-- WORK TASK --
Without omitting anything, retype the data that follows.

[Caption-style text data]

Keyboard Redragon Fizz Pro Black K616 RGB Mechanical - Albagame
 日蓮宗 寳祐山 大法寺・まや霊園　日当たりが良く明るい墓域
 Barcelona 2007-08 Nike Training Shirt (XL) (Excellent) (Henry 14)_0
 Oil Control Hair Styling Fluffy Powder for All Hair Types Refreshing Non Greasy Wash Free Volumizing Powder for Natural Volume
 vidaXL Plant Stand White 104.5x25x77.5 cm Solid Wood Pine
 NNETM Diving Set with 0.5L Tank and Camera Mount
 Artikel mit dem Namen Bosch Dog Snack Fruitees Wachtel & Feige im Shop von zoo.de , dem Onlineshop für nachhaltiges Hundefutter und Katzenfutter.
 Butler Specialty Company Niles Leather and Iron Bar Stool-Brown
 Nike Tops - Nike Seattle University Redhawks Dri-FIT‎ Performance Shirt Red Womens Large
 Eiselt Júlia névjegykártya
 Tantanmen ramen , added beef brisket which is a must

-- ANSWER TO THIS PROBLEM --
Keyboard Redragon Fizz Pro Black K616 RGB Mechanical - Albagame
 日蓮宗 寳祐山 大法寺・まや霊園　日当たりが良く明るい墓域
 Barcelona 2007-08 Nike Training Shirt (XL) (Excellent) (Henry 14)_0
 Oil Control Hair Styling Fluffy Powder for All Hair Types Refreshing Non Greasy Wash Free Volumizing Powder for Natural Volume
 vidaXL Plant Stand White 104.5x25x77.5 cm Solid Wood Pine
 NNETM Diving Set with 0.5L Tank and Camera Mount
 Artikel mit dem Namen Bosch Dog Snack Fruitees Wachtel & Feige im Shop von zoo.de , dem Onlineshop für nachhaltiges Hundefutter und Katzenfutter.
 Butler Specialty Company Niles Leather and Iron Bar Stool-Brown
 Nike Tops - Nike Seattle University Redhawks Dri-FIT‎ Performance Shirt Red Womens Large
 Eiselt Júlia névjegykártya
 Tantanmen ramen , added beef brisket which is a must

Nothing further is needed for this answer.